И вот здесь самое время сказать об особости Эпштейна, которую мы не вполне проговорили в самом начале. Он – крайне редкостный на нашей горькой русской почве оптимистический и гармоничный мыслитель и чувствователь. И это при том, что ему дарована пронзительность видения. Он ясно понимает трагичность и бесконечную уязвимость жизни, даже – нет, особенно – в её нежном младенческом облике. Он узнаёт трагедию и разрыв даже в счастливейшем из событий – в рождении: «Ведь для матери рождение ребёнка – это не только встреча с ним, но и в каком-то глубочайше плотском смысле расставание на всю жизнь»; ещё до появления девочки Оли на свет её родители, это появление предчувствующие, составляют «компанию одиноких» - «перед инобытием третьего». Он - как опять же мало кто – понимает, что, как говорил он на московской презентации книги, «детство – это опыт страдания», что «для ребёнка отчуждение – это естественное состояние, которое он должен пройти». Он чувствует много общего в предродовой и в предсмертной тоске. Он видит, как жизнь страшна. Он со всей беспощадностью описывает антропологическую и цивилизационную катастрофу в нашей стране, «с пугающей точностью» им узнанную на земле его предков, в маленьком городке Погар в Брянской области, откуда родом его отец: «мы <…> таких страшных, нечеловеческих лиц, как здесь, нигде не встречали. На улице Мглинской, где раньше стояла синагога, я случайно встретился взглядом с подростком – и ужаснулся: такая в нём животная немота и равнодушная злоба. Не ко мне, не к кому-то другому, а злоба вообще: к воздуху, домам, деревьям. Жгучий, режущий взгляд – он рассёк меня и заскользил дальше, оставляя за собой кровавую набухающую полосу. Почему-то подростки в таких местах больше всего и запоминаются – степень безнадёжности, убитости в них резче, что ли». Однако при всём этом Эпштейн видит ещё и то, что умеют видеть и готовы проговаривать чрезвычайно немногие: глубокую оправданность жизни, её осмысленность, смыслоносность. То, что всё – весть человеку.

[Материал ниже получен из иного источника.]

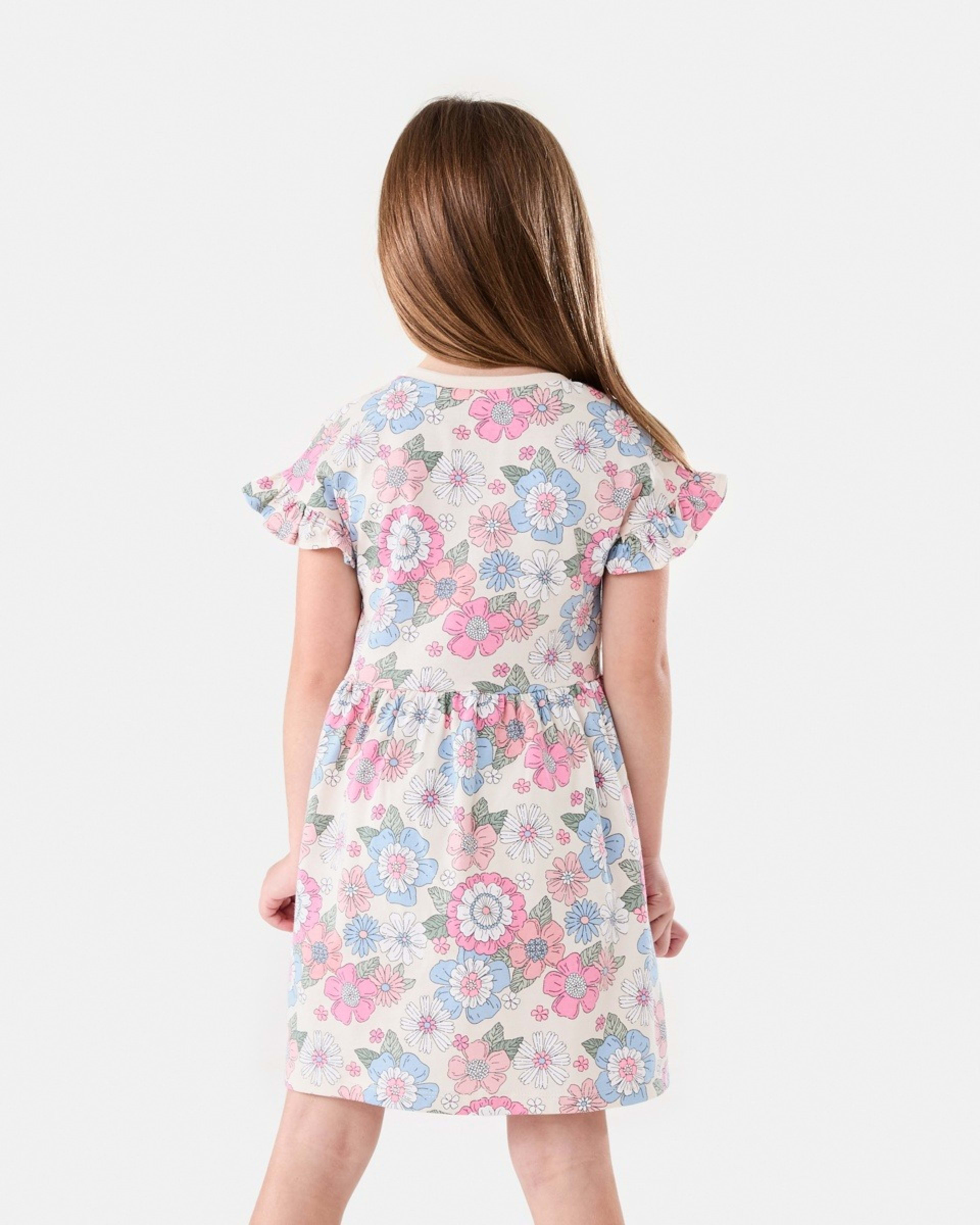 2 Jersey Dress RETRO BLOOMS CHALK, 2 of 7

Да, это книга – о едва артикулированных в русской культуре смыслах младенчества («авторы, пишущие о детстве, - говорит Эпштейн, - обычно обходят стороной или торопливо минуют самое его начало, как не выраженное в языке и не закреплённое в памяти ребёнка»; «из всей русской литературы, кажется, только Сергей Аксаков и Иван Бунин оставили несколько драгоценных страниц») и о (проговоренных чуть более полно – Фаина Гримберг недаром вспоминала в своей рецензии на первое издание книги размышления на ту же тему Льва Толстого) смыслах отцовства.

Но, может быть, даже прежде прочего она - о том, что ничто не напрасно. О соединённости жизни, в каждой её точке, с собственными основаниями. О просвечивании этих оснований – только умей увидеть – сквозь любое событие.

А уж тем более – сквозь такое событие, как возникновение и рост новой жизни.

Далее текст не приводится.